__What is needed__
Repeat only the lines below that run from the line with "Lucide ZORA-LED - Wandspot" to the line with "Emporio Armani - Girls", ends included; skip every picture.

__Data for processing__
________________________________________
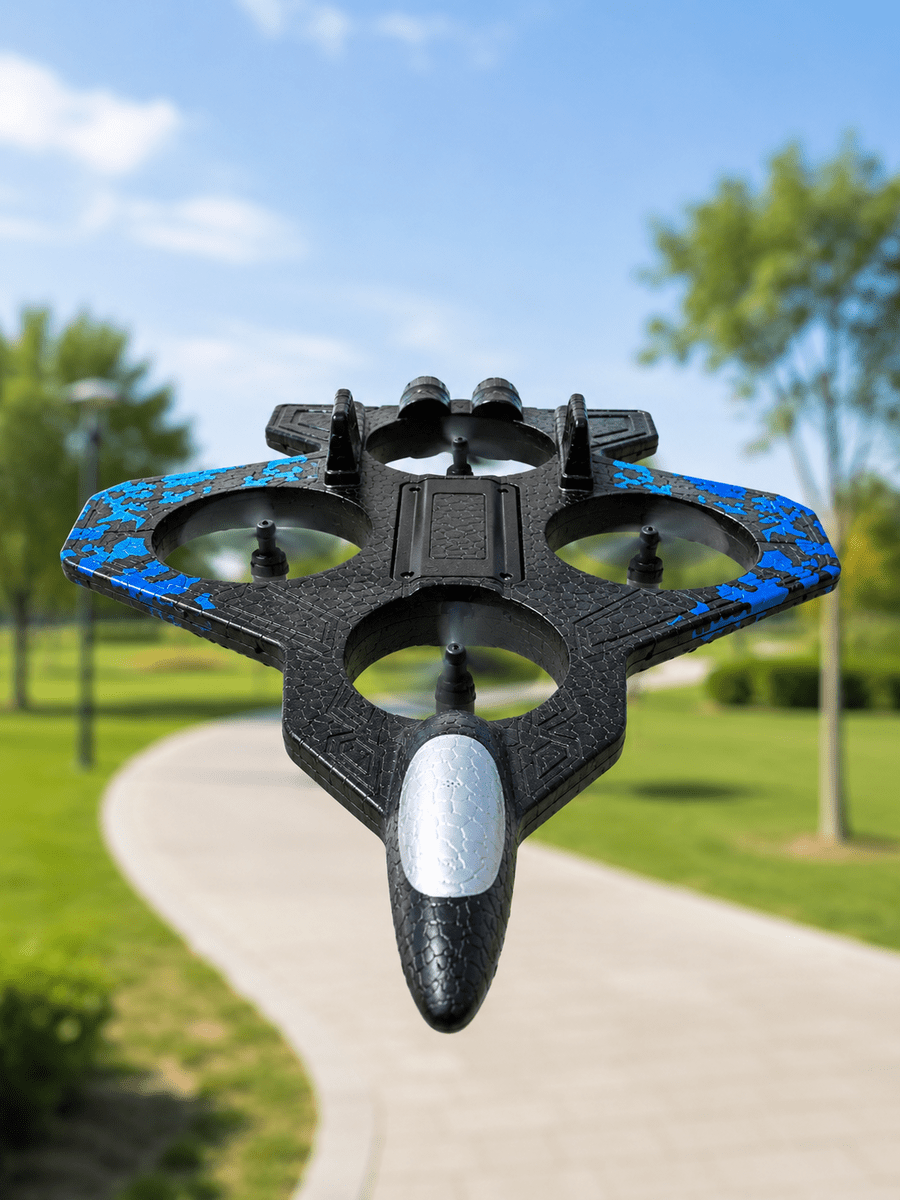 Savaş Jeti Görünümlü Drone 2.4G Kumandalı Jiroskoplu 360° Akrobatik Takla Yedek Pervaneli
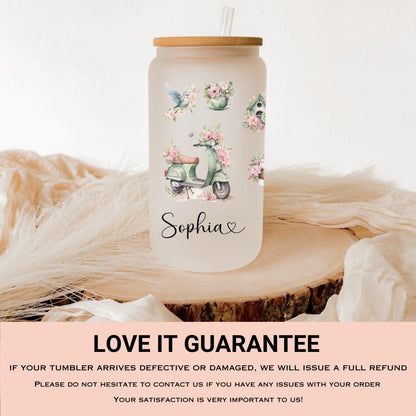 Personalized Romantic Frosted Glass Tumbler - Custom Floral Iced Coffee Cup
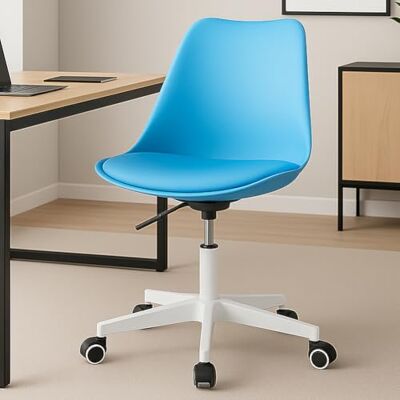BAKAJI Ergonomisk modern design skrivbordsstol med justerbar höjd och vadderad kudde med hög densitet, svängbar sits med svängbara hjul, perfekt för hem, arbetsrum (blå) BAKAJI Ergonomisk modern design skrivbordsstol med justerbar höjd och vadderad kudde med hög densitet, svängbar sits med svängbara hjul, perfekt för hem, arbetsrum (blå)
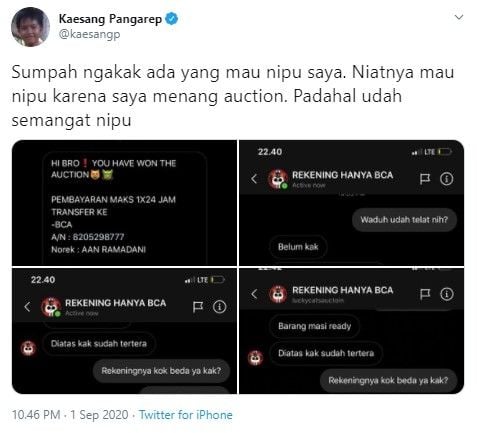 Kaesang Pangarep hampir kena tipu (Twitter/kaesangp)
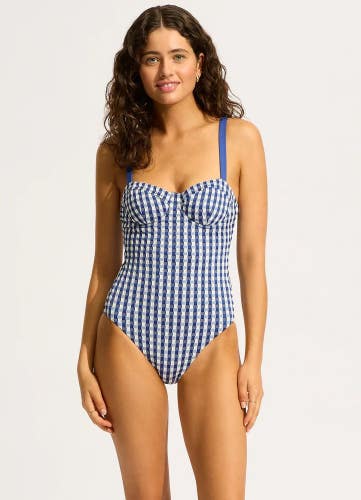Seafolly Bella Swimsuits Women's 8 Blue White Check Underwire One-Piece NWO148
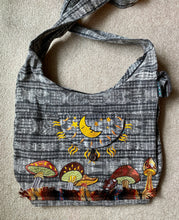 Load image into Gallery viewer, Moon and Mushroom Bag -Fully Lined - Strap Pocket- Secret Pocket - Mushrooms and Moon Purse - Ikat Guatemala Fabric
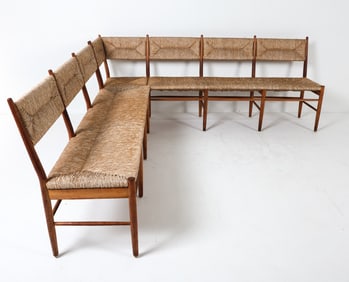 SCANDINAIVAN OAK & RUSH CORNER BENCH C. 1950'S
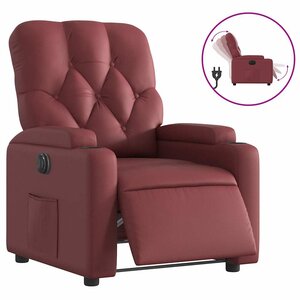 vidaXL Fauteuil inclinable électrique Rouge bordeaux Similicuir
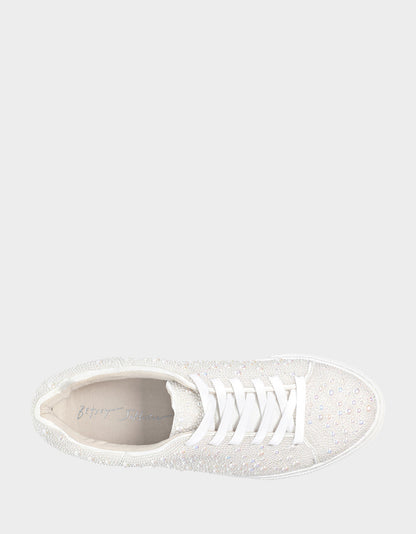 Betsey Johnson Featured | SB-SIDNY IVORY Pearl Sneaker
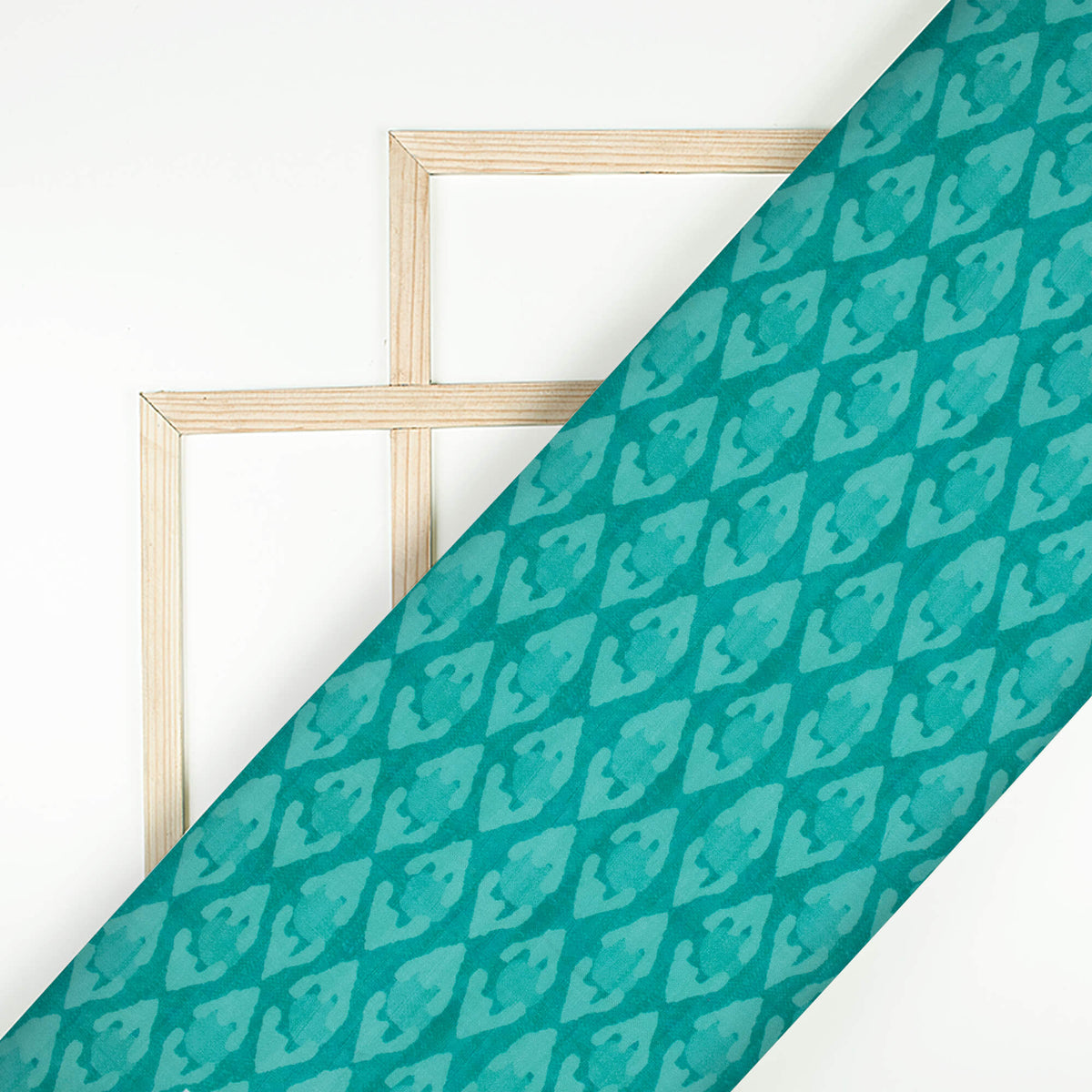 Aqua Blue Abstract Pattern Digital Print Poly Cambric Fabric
________________________________________
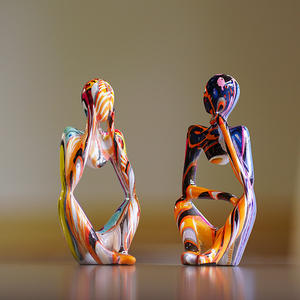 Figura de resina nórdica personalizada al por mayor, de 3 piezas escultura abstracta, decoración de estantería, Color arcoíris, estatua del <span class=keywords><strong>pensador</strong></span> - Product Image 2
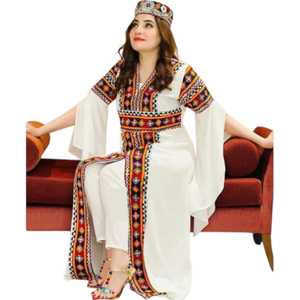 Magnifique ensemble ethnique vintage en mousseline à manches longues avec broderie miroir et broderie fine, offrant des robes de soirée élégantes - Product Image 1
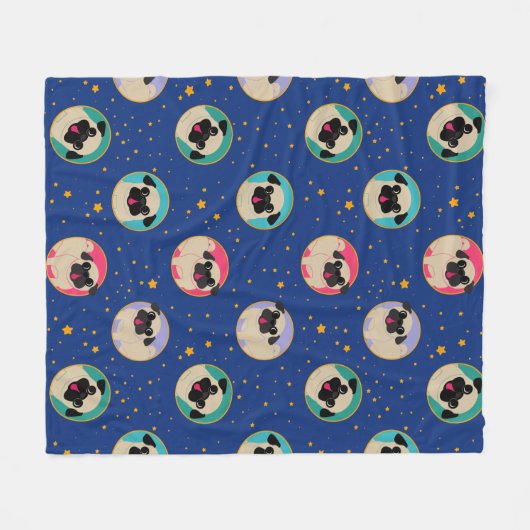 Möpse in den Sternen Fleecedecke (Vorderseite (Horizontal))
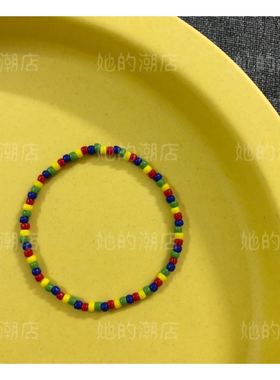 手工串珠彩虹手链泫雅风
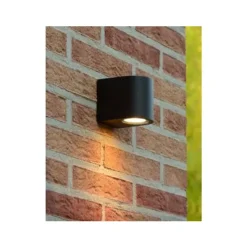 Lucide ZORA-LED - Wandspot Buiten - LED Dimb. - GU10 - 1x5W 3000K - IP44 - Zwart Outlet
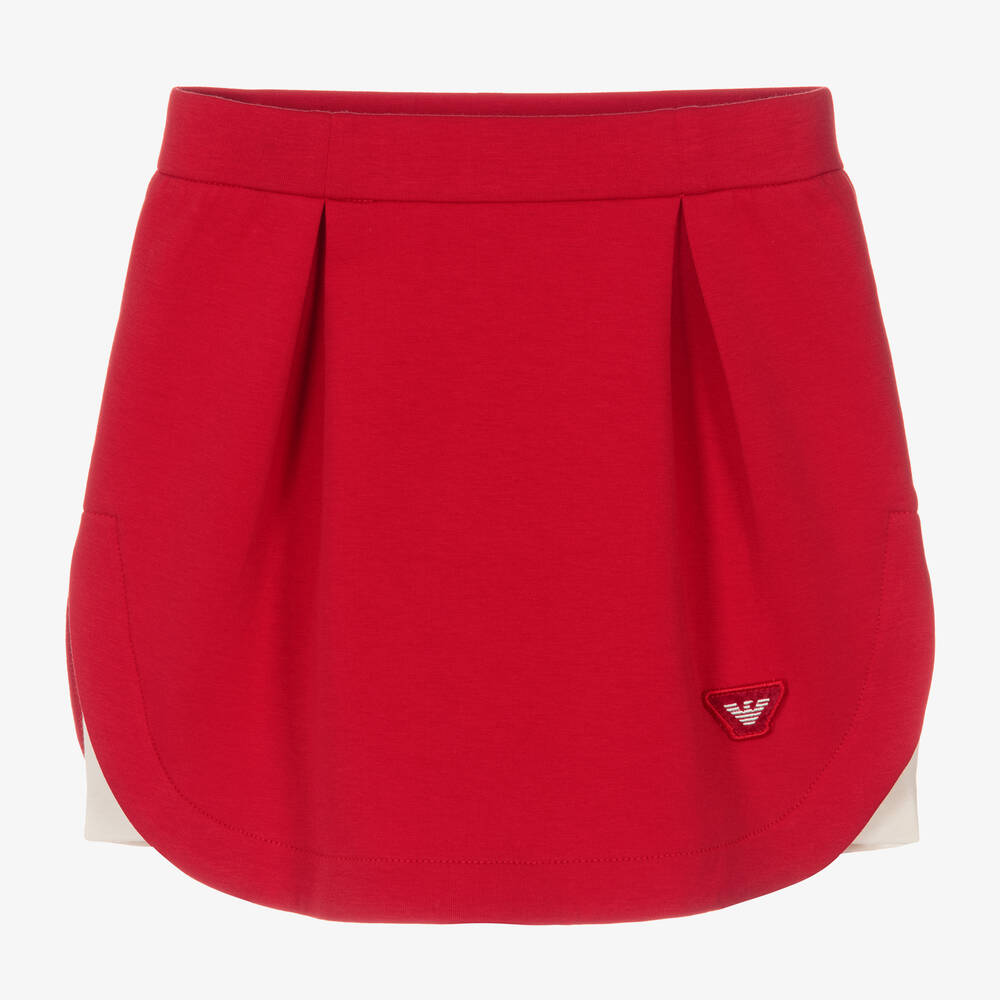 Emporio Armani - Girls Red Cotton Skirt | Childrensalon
________________________________________
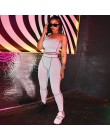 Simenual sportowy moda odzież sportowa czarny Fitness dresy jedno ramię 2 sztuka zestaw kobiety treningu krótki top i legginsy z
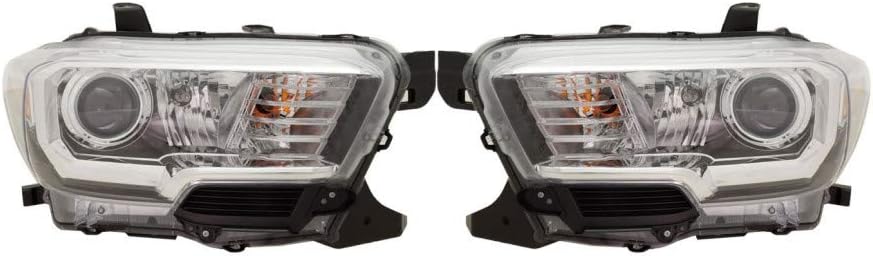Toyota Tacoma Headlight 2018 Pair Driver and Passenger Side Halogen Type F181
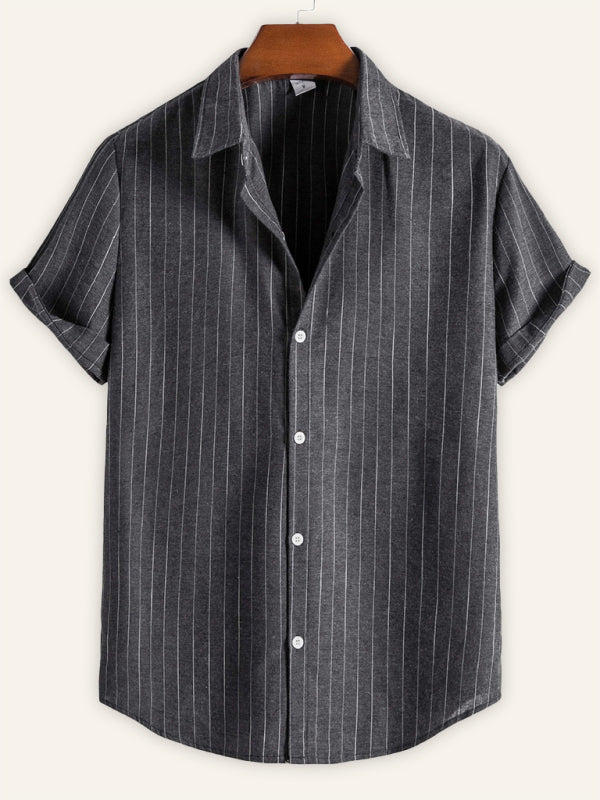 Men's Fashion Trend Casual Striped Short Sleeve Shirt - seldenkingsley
________________________________________
__Finished task__
 Lucide ZORA-LED - Wandspot Buiten - LED Dimb. - GU10 - 1x5W 3000K - IP44 - Zwart Outlet
 Emporio Armani - Girls Red Cotton Skirt | Childrensalon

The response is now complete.